Put another important way, from FY94 to FY12, state GF spending as a fraction of the Nevada economy and relative to the incomes of Nevada families and businesses grew by nearly 20%; for K-12 state spending the excess growth was almost 35% and for HHS it was 27.5%. Thus, Nevada taxpayers – families and businesses – have been required by tax and spending increases in the last decade to increasingly fund K-12 and HHS, even as their own incomes stagnated and then declined. In addition to taxpayer largesse, K-12 and HHS were aided by real cuts to higher education, public safety, infrastructure, etc.

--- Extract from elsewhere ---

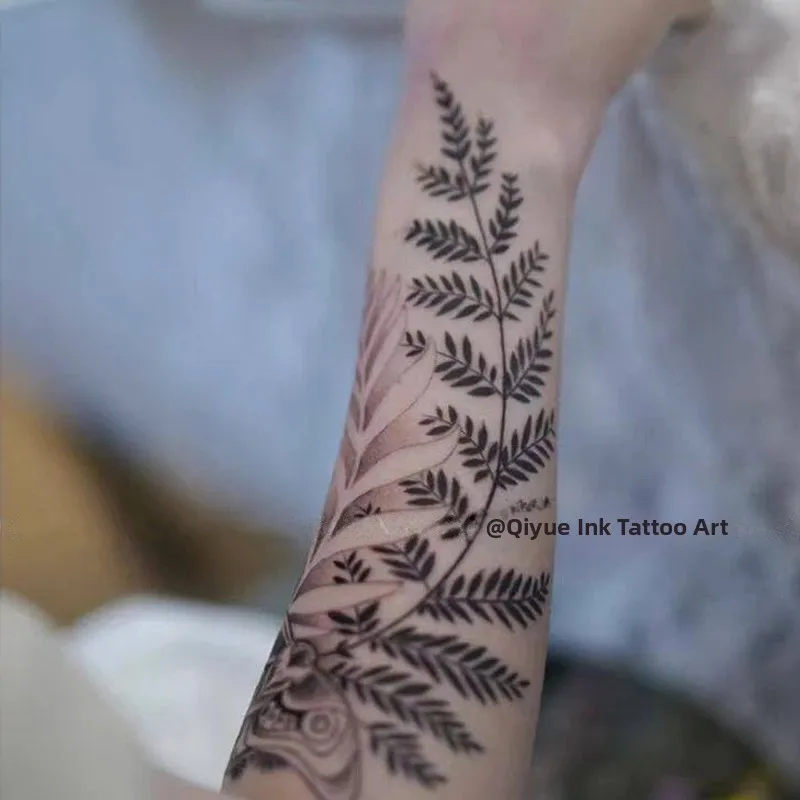 Last Survivor Ellie Flower Arm Tattoo Waterproof Permanent Male Female Body Art Decorations Chinese Style Home Accessories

The real burden on Nevada taxpayers has grown even though Nevada is not a low-tax state, as tax-and-spend advocates claim it is. Nevada’s total state and local tax burden falls in the middle range — 24th to 26th — for the 50 states, according to the Federation of Tax Administrators, using federal agencies’ data. Since extensive research shows that the government fractions of our economy are already sub-optimally large (that is, contrary to the broad public interest), no tax increases can be justified. Instead, modest re-allocation of current levels of public spending in favor of higher education, public safety, etc. are in order, if not overall cuts in state spending relative to our economy.
Improving education is very important. However, instead of adopting low- and no-cost changes in policies and practices that are available and have been demonstrated effective in improving it, we have continuously thrown more money at special interests (teachers’ unions) and untested (and unsuccessful) trendy programs advocated by the educrats – mainly with the real goal of increasing teacher-union numbers and power.

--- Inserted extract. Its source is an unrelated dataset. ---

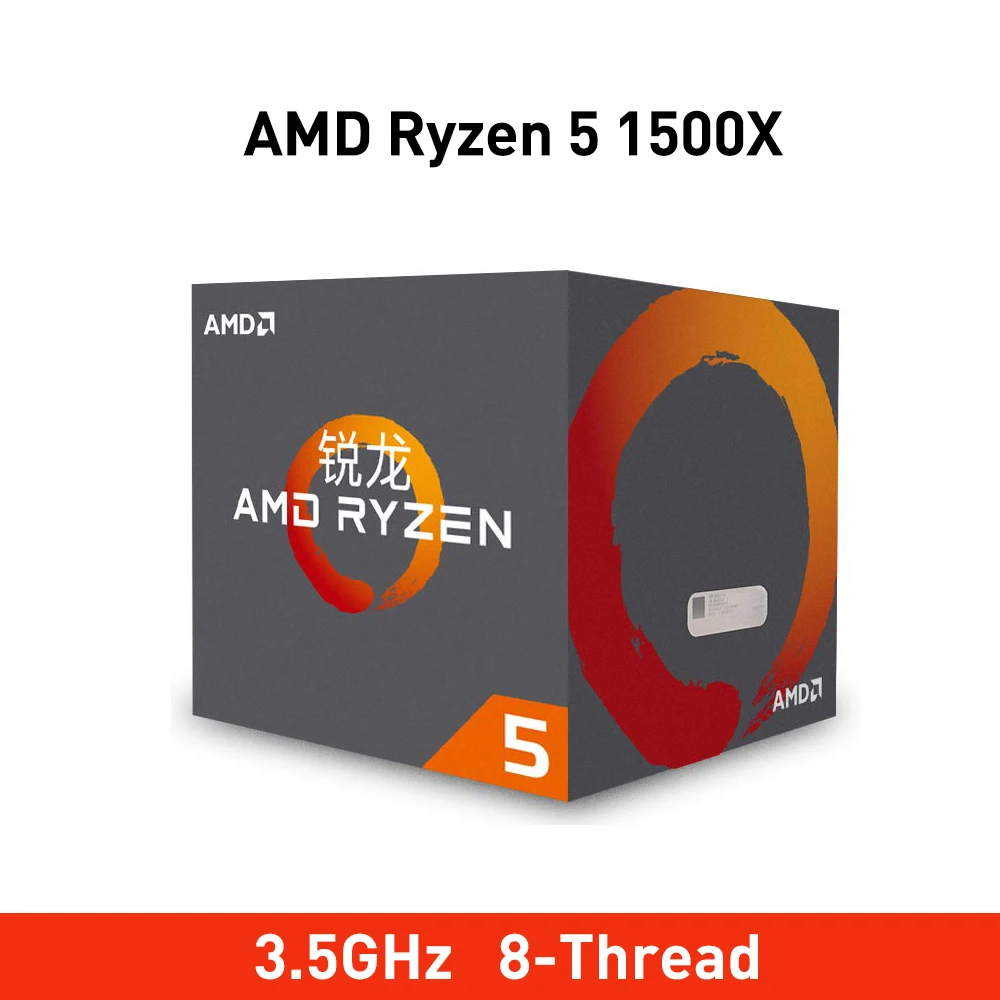 Процессор amd ryzen 5 1500X processador 3,5 ГГц четырехъядерный Восьмиядерный 65 Вт TDP разъем am4 cpu настольный с герметичной коробкой кулер вентилятор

What we need now is the adults to step forward, dismiss the demagogic rhetoric and misleading budget-cut claims, embrace the real and central facts (starting with those presented here), and propose sober and constructive solutions. We don’t need yet more tax increases to feed the public-employee unions that will be as selfishly predatory upon the public interest as legislatures, administrations, school districts, etc. allow them to be.
Ron Knecht is Nevada State Controller.